Now that we have covered the fundamentals of matrix multiplication, let us discuss some important methods in matrix factorization. Firstly, what is matrix factorization? Matrix factorization is a technique in linear algebra that involves breaking down a matrix into a product of other matrices, similar to how factorization works for scalars.

## Exercise 1: LU Decomposition

LU decomposition with partial pivoting implies the following condition.

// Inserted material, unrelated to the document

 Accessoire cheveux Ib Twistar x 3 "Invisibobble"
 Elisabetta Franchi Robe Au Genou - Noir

For a square, nonsingular matrix A $∈\mathbb{R}^{n\times n}$, LU with partial pivoting states:

$$PA=LU$$

where $P$ is the permutation matrix (representing row swaps), $L$ is the unit lower triangular matrix ($diag(L) = 1$), and $U$ is the upper triangular matrix.

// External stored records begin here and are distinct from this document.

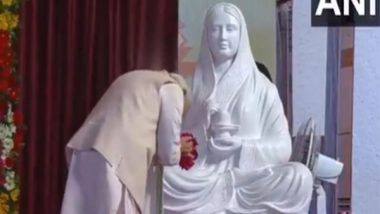 India News | PM Modi Pays Floral Tribute to Ahilyabai Holkar During 'Mahila Sashaktikaran Mahasammelan' Programme in Bhopal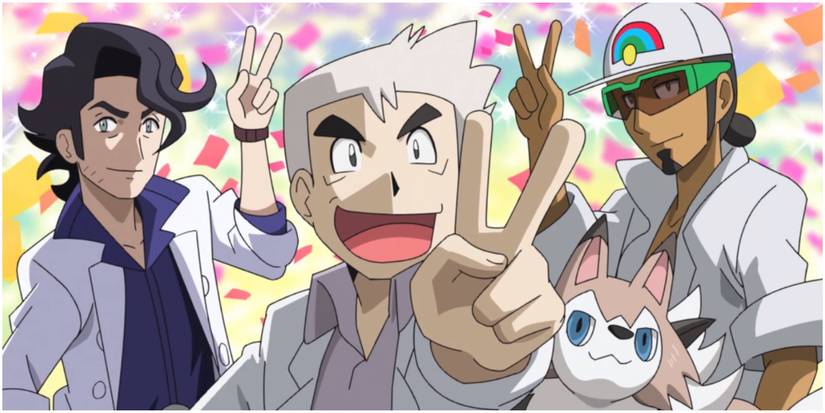 pokemon professors anime oak sycamore kukui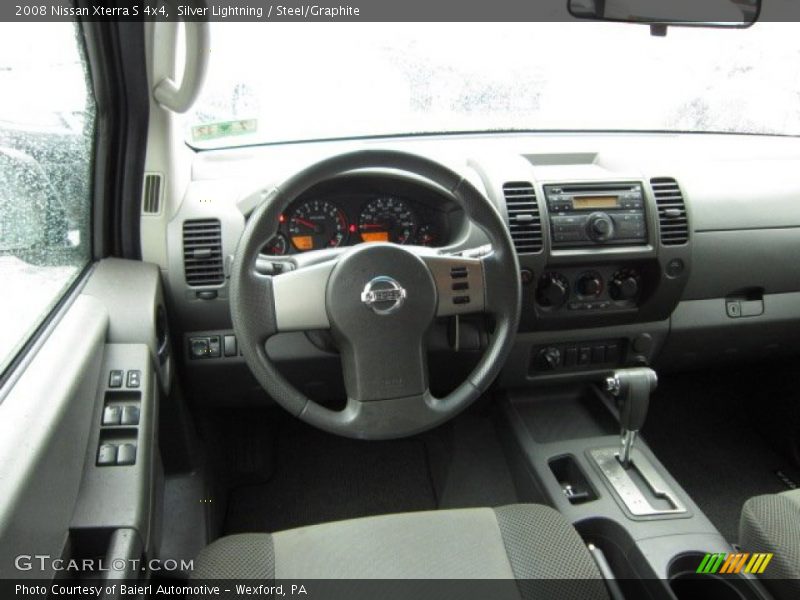Silver Lightning / Steel/Graphite 2008 Nissan Xterra S 4x4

**We obtain this by performing Gaussian elimination:**

* at step $k$, we select a pivot (usually the entry of largest magnitude in column $k$ at or below the diagonal) and optionally swap rows to move it into the $(k, k)$ position (this updates our permutation matrix $P$)

* We then subtract multiples of the pivot row from rows below to create zeros beneath the pivot

* The subtraction factors for each row $r$ in column $k$ become the subdiagonal entries of $L$ at entry $(r, k)$

* Furthermore, what remains after all gaussian transformations on our original matrix $A$ is $U$

**Why is this important for machine learning?**

There are many instances where this factorization can be useful.
We may want to solve a system $Ax=b$ for many different $b$, a task that is relatively common in machine learning - multi-output regression, for example. Performing LU decomposition once and performing the two triangular solves with $L$ and $U$ is generally computationally cheaper than solving the original system $Ax=b$.

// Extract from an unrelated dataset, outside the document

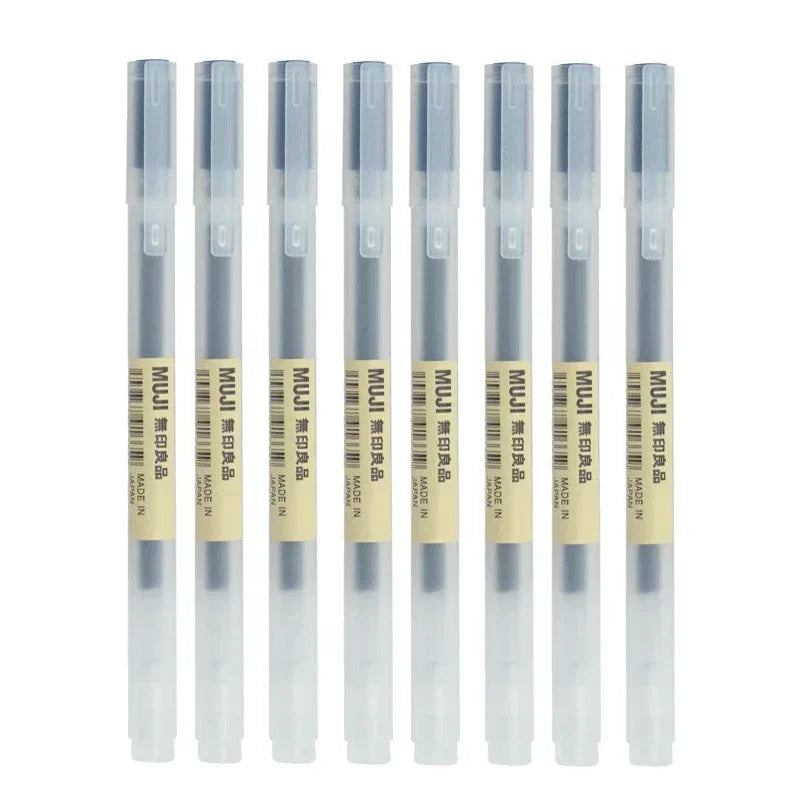 6/8Pcs/Set MUJIs Gel Pen Black/Red/Blue 0.38/0.5mm Ink Japan Color Pen Office School Ballpoint Pen Japanese Kawaii Stationery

**Task:** Implement a function `lu3x3(A)` that identifies and returns $L$ and $U$ for a given $A$. Consider pivoting but don't find the permutation matrix $P$.

In [None]:
import numpy as np
def lu3x3(A):
  # TODO: Write solution here

  return L, U

# Identify L, U
A = np.array([[1, 1, 1], [0, 1, 1], [1, 0, 1]])
L, U = lu3x3(A)

print("A:")
print(A)

print("\nL:")
print(L)
print("\nU:")
print(U)

# Verify that our solution works for an arbitrary
b = np.array([4, 3, 2])

x_org = np.linalg.solve(A, b)
x_LU = np.linalg.solve(U, np.linalg.solve(L, b))

print("\nOriginal solution:")
print(x_org)

print("\nLU solution:")
print(x_LU)


A:
[[1 1 1]
 [0 1 1]
 [1 0 1]]

L:
[[ 1.  0.  0.]
 [ 0.  1.  0.]
 [ 1. -1.  1.]]

U:
[[1 1 1]
 [0 1 1]
 [0 0 1]]

Original solution:
[1. 2. 1.]

LU solution:
[1. 2. 1.]


## Exercise 2: Singular Value Decomposition (SVD)

Singular Value Decomposition (SVD) is a technique to factorize a matrix into 3 different sub-matrices. The specific conditions of SVD are as follows:

For any real matrix $A\in\mathbb{R}^{m\times n}$ there exist orthogonal matrices $U\in\mathbb{R}^{m\times m}$ and $V\in\mathbb{R}^{n\times n}$ and a diagonal (rectangular) matrix $\Sigma\in\mathbb{R}^{m\times n}$ with nonnegative diagonal entries $\sigma_1\ge\cdots\ge \sigma_r>0$ (where $r=\mathrm{rank}(A)$) such that:

$$A=UΣV^T,\quad Σ=\begin{bmatrix} (diag(σ_1, ...,σ_r)) & 0 \\ 0 & 0 \end{bmatrix}$$

**Pseudoinverse**
The Moore–Penrose pseudoinverse of $A$ is defined via its SVD.

If $A=U\Sigma V^T$ with $\Sigma=\operatorname{diag}(\sigma_1,\ldots,\sigma_r,0,\ldots)$, then the pseudoinverse is defined as follows $$A^+=VΣ^+U^T$$ where $\Sigma^+\in\mathbb{R}^{n\times m}$ is formed by taking reciprocals of the nonzero singular values and transposing the rectangular shape: $\Sigma^+=\operatorname{diag}(\frac{1}{\sigma_1},\ldots,\frac{1}{\sigma_r},0,\ldots)$.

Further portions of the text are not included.